-- Excerpted records follows --

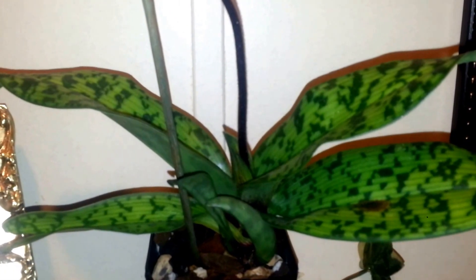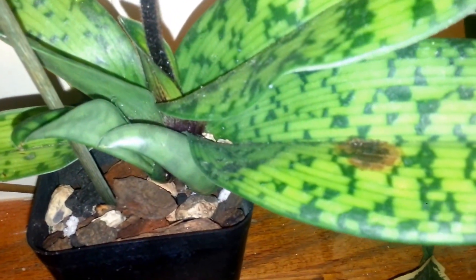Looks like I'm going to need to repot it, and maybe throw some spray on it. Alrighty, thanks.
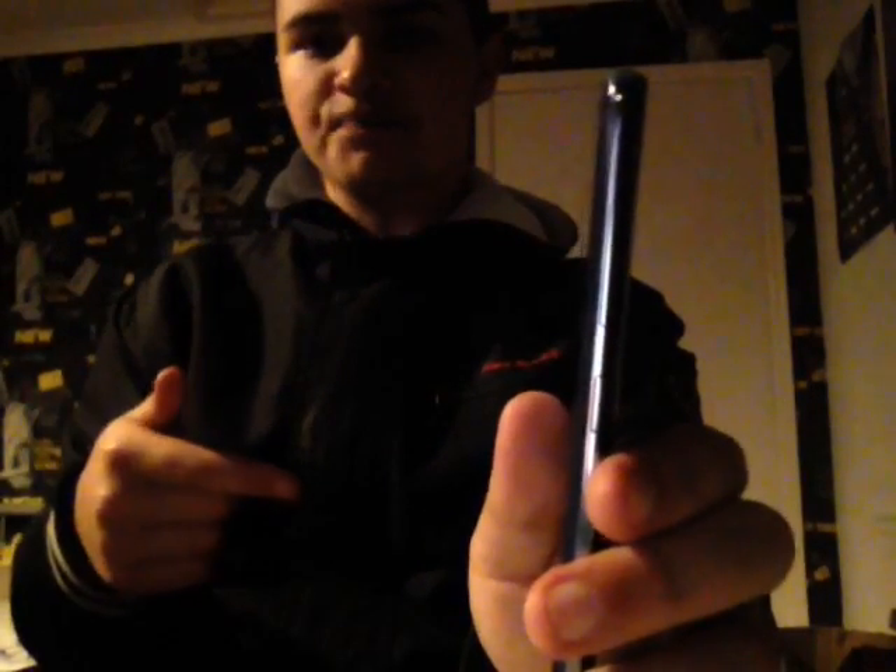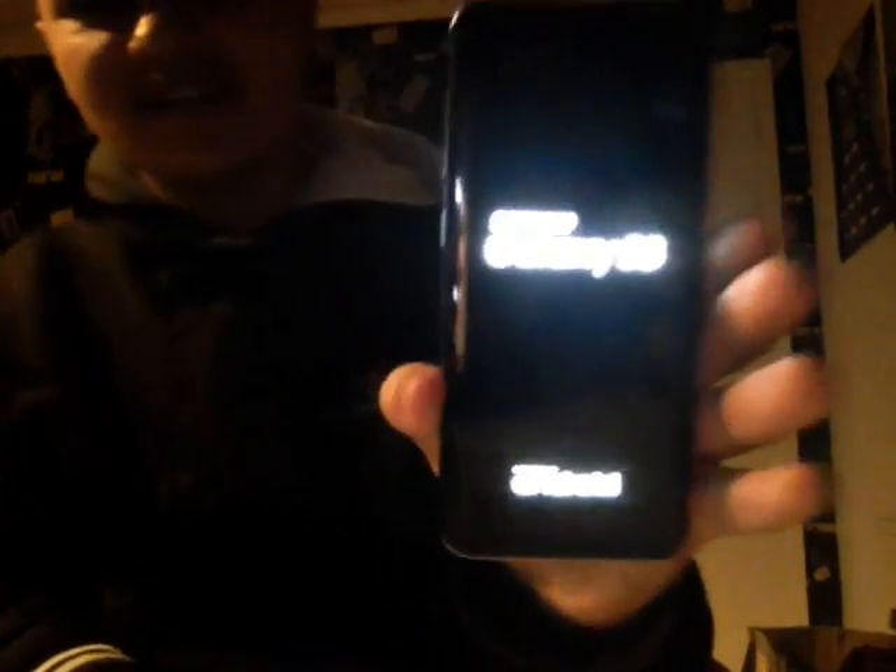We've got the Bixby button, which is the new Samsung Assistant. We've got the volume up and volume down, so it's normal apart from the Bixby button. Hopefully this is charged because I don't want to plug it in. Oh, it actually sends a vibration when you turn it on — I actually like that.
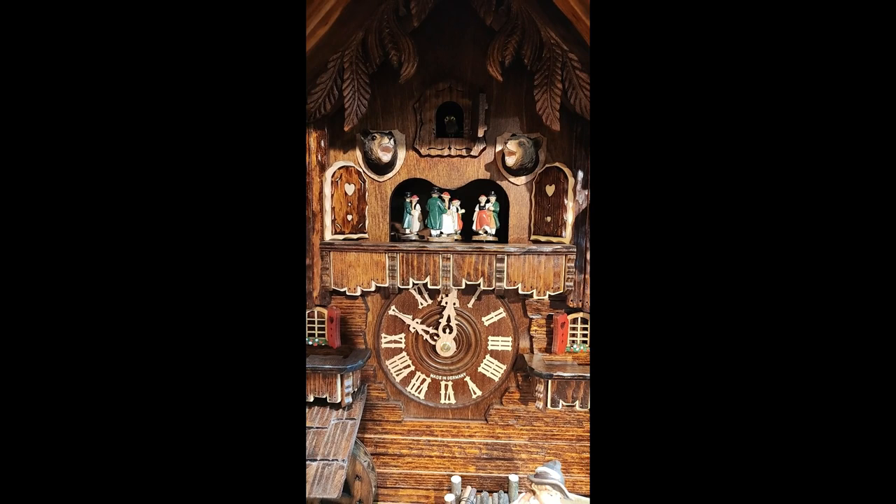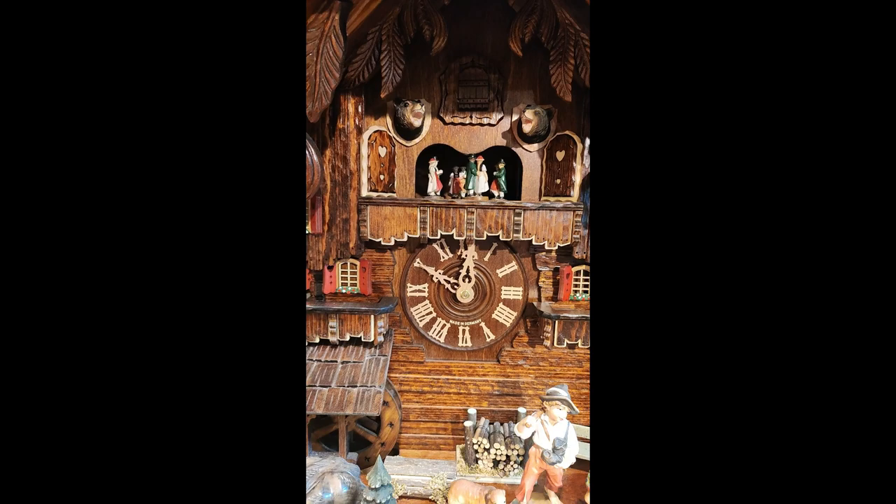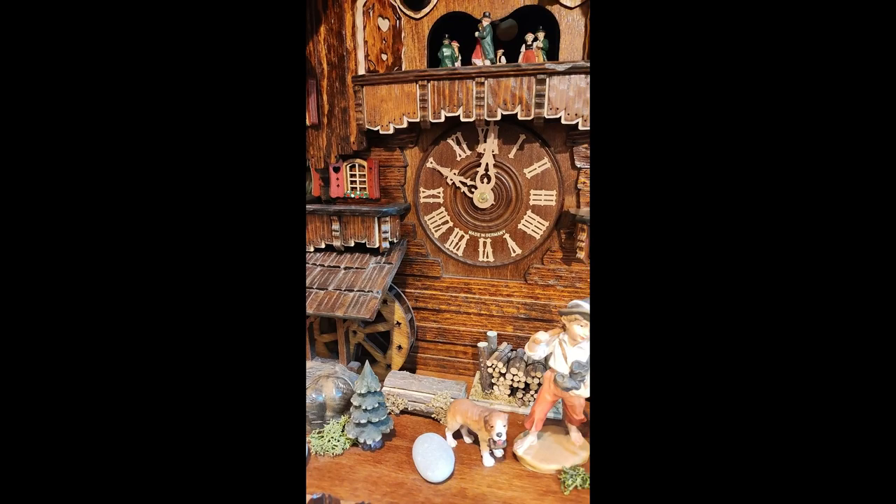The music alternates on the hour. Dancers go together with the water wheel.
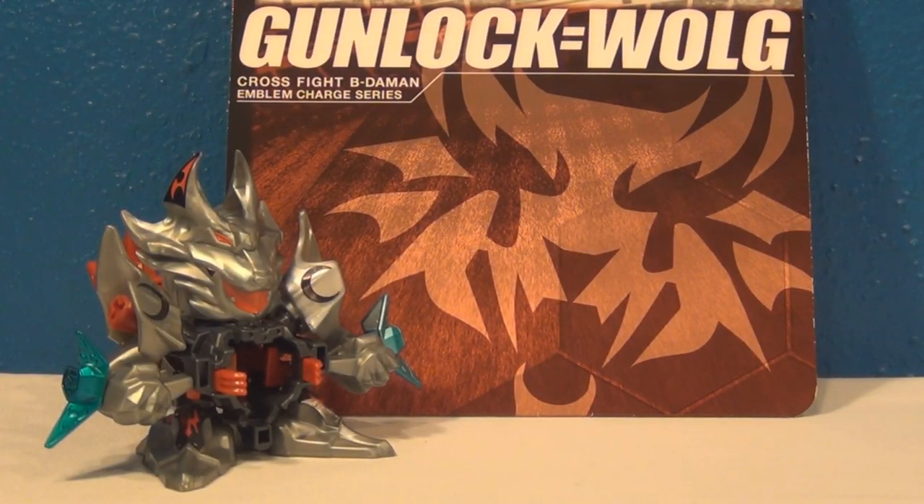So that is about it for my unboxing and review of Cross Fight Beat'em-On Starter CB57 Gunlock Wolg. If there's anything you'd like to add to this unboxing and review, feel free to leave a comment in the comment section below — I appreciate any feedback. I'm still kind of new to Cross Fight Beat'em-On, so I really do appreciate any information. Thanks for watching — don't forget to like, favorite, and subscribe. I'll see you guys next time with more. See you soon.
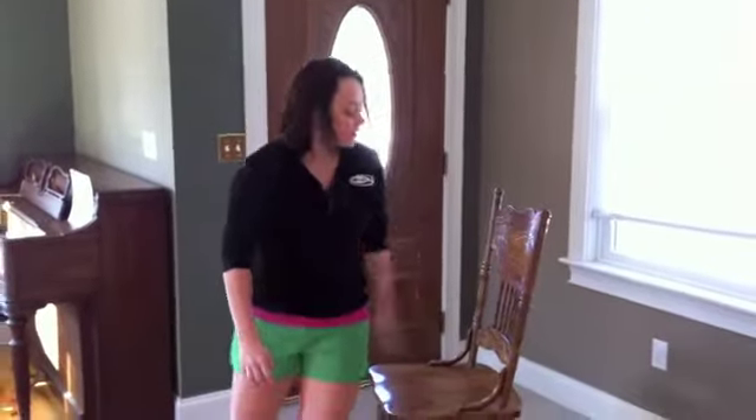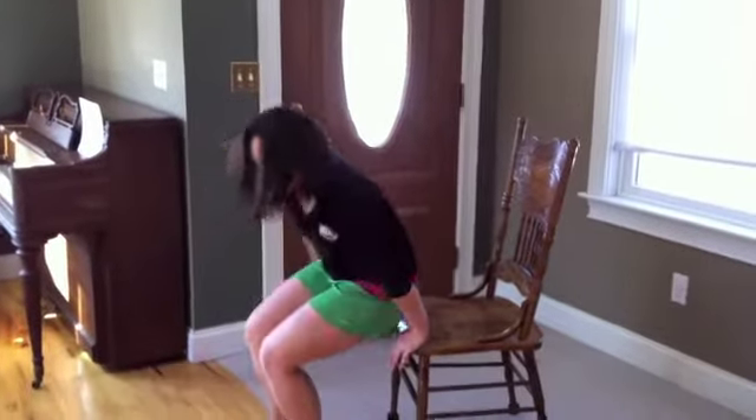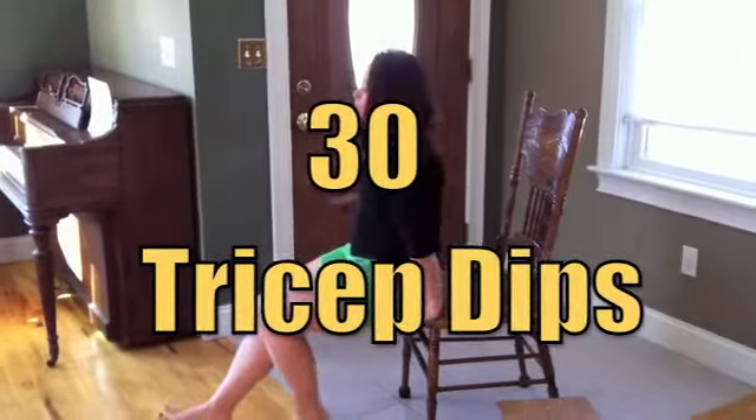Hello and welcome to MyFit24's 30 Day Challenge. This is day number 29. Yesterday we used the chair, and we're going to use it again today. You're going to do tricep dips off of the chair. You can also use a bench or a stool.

-- Excerpted records concluded --

#### Task to complete:
Restate the records above word for word. Skip every picture.

#### Written reply:
Looks like I'm going to need to repot it, and maybe throw some spray on it. Alrighty, thanks.
We've got the Bixby button, which is the new Samsung Assistant. We've got the volume up and volume down, so it's normal apart from the Bixby button. Hopefully this is charged because I don't want to plug it in. Oh, it actually sends a vibration when you turn it on — I actually like that.
The music alternates on the hour. Dancers go together with the water wheel.
So that is about it for my unboxing and review of Cross Fight Beat'em-On Starter CB57 Gunlock Wolg. If there's anything you'd like to add to this unboxing and review, feel free to leave a comment in the comment section below — I appreciate any feedback. I'm still kind of new to Cross Fight Beat'em-On, so I really do appreciate any information. Thanks for watching — don't forget to like, favorite, and subscribe. I'll see you guys next time with more. See you soon.
Hello and welcome to MyFit24's 30 Day Challenge. This is day number 29. Yesterday we used the chair, and we're going to use it again today. You're going to do tricep dips off of the chair. You can also use a bench or a stool.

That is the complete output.